> Study material
::::

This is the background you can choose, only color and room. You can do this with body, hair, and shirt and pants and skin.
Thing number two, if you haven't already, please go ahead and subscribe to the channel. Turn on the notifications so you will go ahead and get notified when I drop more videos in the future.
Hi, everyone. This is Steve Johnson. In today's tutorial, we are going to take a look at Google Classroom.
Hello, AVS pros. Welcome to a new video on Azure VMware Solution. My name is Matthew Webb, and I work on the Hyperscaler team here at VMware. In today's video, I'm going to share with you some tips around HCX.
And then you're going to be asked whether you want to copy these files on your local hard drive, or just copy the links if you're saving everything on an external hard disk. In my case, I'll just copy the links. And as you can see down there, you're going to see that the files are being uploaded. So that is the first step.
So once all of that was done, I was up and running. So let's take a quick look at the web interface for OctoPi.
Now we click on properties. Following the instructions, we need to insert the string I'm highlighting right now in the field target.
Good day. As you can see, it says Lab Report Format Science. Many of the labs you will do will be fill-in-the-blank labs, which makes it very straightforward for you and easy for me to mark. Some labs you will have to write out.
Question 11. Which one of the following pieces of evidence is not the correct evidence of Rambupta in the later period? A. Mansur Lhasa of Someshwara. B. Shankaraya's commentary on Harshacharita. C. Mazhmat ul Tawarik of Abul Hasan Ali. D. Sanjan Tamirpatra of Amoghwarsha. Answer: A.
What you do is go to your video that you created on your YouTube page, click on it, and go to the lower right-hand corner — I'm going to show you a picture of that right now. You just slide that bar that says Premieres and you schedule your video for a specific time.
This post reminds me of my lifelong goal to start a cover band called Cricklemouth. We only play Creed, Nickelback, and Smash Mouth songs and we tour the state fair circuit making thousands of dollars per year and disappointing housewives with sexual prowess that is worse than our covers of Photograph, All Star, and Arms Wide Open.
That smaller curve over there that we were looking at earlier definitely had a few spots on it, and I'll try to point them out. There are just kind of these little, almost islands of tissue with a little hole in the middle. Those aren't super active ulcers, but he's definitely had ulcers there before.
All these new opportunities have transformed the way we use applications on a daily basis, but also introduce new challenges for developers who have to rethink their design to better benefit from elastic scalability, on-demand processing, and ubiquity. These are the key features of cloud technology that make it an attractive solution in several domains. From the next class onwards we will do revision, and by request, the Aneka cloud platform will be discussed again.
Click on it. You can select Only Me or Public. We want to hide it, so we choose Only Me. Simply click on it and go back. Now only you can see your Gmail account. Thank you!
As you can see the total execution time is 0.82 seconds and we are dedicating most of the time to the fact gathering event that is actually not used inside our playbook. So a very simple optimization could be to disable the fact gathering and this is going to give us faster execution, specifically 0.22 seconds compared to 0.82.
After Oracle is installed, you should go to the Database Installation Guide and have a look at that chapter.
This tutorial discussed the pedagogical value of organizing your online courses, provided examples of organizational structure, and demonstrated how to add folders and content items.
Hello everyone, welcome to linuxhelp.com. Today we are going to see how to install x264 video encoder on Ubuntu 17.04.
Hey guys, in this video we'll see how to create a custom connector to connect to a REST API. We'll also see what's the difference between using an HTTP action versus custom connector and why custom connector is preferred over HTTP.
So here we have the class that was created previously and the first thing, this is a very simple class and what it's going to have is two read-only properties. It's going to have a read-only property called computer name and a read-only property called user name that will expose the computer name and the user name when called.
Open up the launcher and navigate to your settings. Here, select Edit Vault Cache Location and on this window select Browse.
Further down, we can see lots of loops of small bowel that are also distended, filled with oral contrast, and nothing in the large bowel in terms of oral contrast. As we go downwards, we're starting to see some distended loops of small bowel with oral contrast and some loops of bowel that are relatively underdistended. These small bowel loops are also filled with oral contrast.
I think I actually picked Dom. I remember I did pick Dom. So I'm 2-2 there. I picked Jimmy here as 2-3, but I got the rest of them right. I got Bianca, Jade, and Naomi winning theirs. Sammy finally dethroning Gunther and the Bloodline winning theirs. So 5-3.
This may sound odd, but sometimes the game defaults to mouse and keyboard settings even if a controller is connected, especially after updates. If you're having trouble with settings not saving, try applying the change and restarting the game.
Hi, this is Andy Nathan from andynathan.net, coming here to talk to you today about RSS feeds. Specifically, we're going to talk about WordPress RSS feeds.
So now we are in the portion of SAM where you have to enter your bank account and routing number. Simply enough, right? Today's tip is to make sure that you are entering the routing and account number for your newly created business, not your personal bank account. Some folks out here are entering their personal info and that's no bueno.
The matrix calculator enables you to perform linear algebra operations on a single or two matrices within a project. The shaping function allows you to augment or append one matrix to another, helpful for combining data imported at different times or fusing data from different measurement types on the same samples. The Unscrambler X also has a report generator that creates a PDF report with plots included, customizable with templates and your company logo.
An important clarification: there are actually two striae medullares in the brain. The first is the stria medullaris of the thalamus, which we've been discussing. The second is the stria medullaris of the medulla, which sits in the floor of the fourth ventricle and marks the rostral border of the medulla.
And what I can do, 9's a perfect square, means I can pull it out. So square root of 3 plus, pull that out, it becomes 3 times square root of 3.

::::

> Problem description
Only lines containing "discussed" belong in the answer; copy every such line from the records.

> Response to this task
All these new opportunities have transformed the way we use applications on a daily basis, but also introduce new challenges for developers who have to rethink their design to better benefit from elastic scalability, on-demand processing, and ubiquity. These are the key features of cloud technology that make it an attractive solution in several domains. From the next class onwards we will do revision, and by request, the Aneka cloud platform will be discussed again.
This tutorial discussed the pedagogical value of organizing your online courses, provided examples of organizational structure, and demonstrated how to add folders and content items.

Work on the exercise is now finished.